In an internal discussion, we decided to support either engine+dwh+grafana all on the same machine, or: engine on one machine, dwh+grafana on another. Verify that everything works fine. Check upgrade, engine-setup rollback, backup/restore, etc. See also bug 1846279.
Another relevant flow that I tested: - Install and setup engine (only, no dwh or grafana) on machine A - Install and setup dwh on machine B - Run on machine A 'engine-setup --reconfigure-optional-components', now reply 'Yes' to 'Configure Grafana?' This flow might have an advantage of allowing splitting the load between the machines (similarly to comment 0), but have only a single machine accessed from the outside for management (so simpler firewall configuration etc., also a bit simpler to setup). Main disadvantage is for people that want to split stuff for extra security - if e.g. a bug is found in grafana that allows taking over the machine it's running on, also the engine can be attacked this way.

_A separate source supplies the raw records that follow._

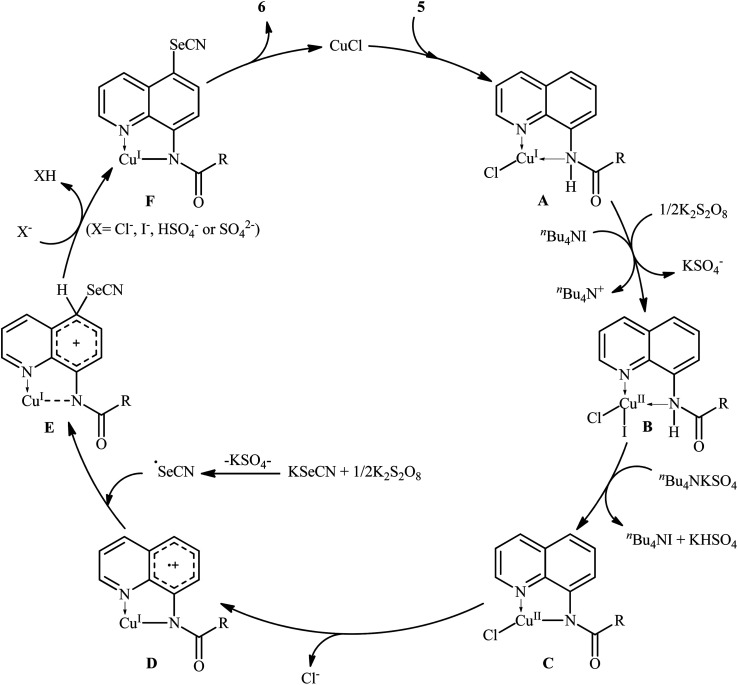 Scheme 4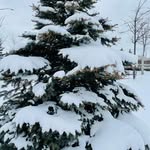 Stefania Winter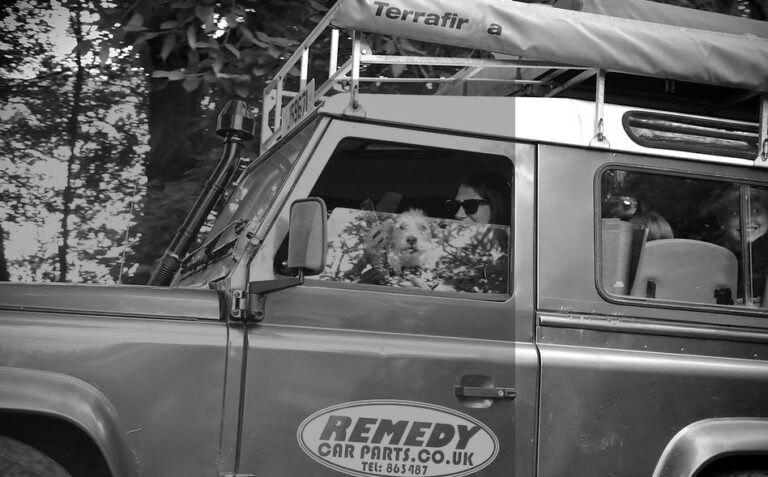 Remedy Founders 768x477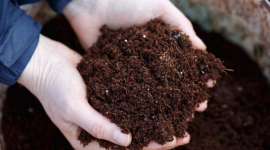 Nga bất ngờ tăng xuất khẩu một mặt hàng đến Việt Nam hơn 500%, giá rẻ cực hấp dẫn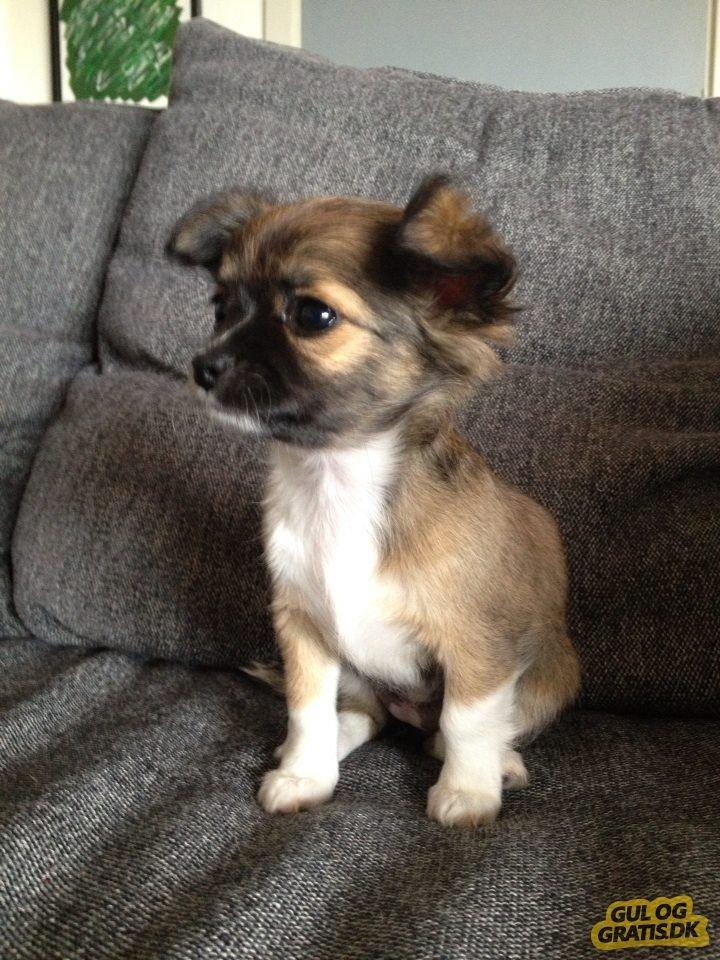 Chihuahua Frida billede 1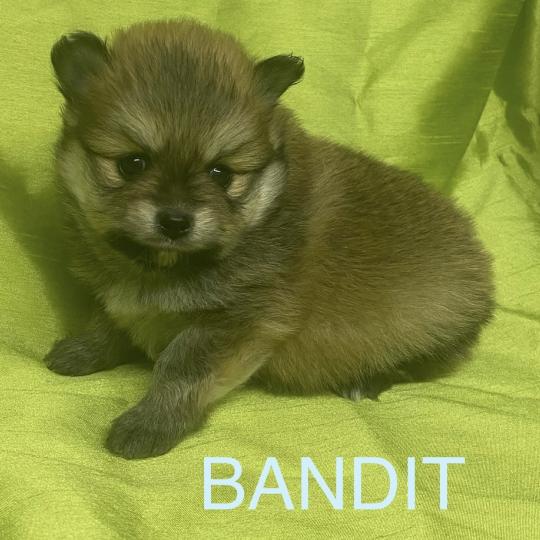 chiot Spitz allemand BANDIT spitz à réserver Domaine de la Chantelaie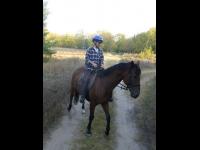 Im Wald mit Formi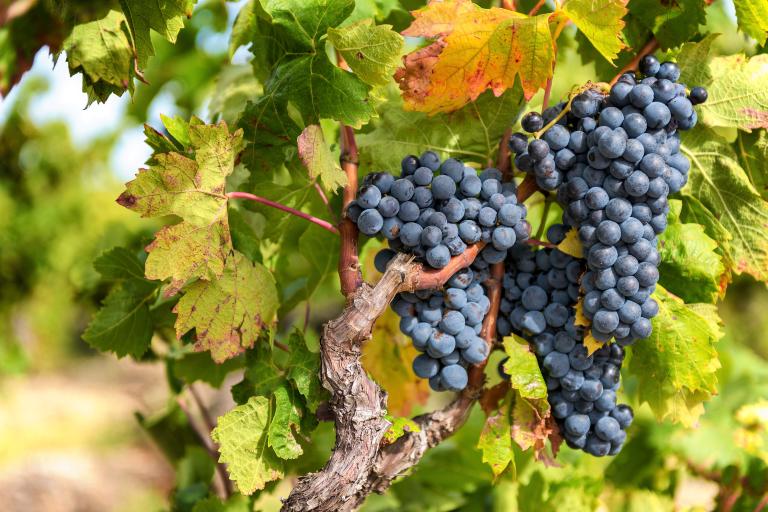 The Most Popular Types of Wine Grapes - Pinot Noir
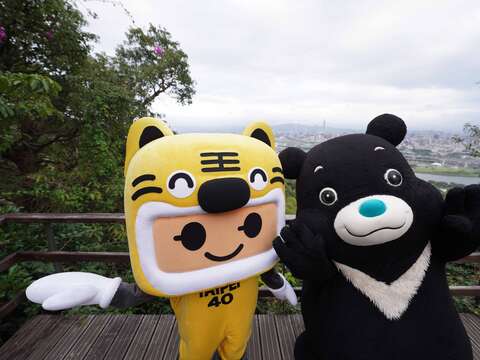祥虎與熊讚一起爬上劍潭山步道遠眺廣闊的台北市景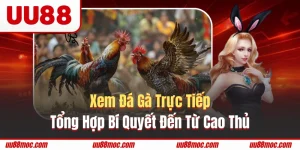 Xem đá gà trực tiếp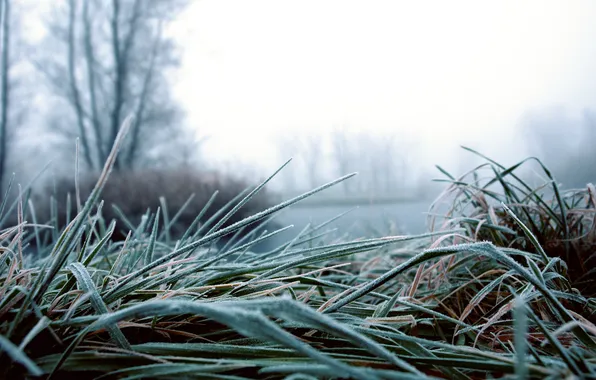 Picture frost, autumn, grass, trees, lake, bokeh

fresh install of dwh 4.4.1 - OK backup-restore - failed can't start postgres service Jul 11 11:06:23 10-37-140-71 systemd[1]: postgresql.service: Start request repeated too quickly. Jul 11 11:06:23 10-37-140-71 systemd[1]: postgresql.service: Failed with result 'start-limit-hit'. Jul 11 11:06:23 10-37-140-71 systemd[1]: Failed to start PostgreSQL database server. upgrade from beta 4.4.0.2-1.el8ev - failed can't enrol certificates Failed to execute stage 'Environment customization': str, bytes or bytearray expected, not NoneType Tested in ovirt-engine-4.4.1.8-0.7.el8ev.noarch with ovirt-engine-dwh-setup-4.4.1.2-1.el8ev.noarch
Reproduction steps for backup-restore: 1. install dwh on separate machine 2. yum install ovirt-engine-tools-backup 3. engine-backup --file=/tmp/dwh.bck --log=/tmp/backup.log 4. engine-cleanup 5. engine-backup --mode=restore --provision-all-databases --file=/tmp/dwh.bck
Upgrade 4.3 -> 4.4 worked OK.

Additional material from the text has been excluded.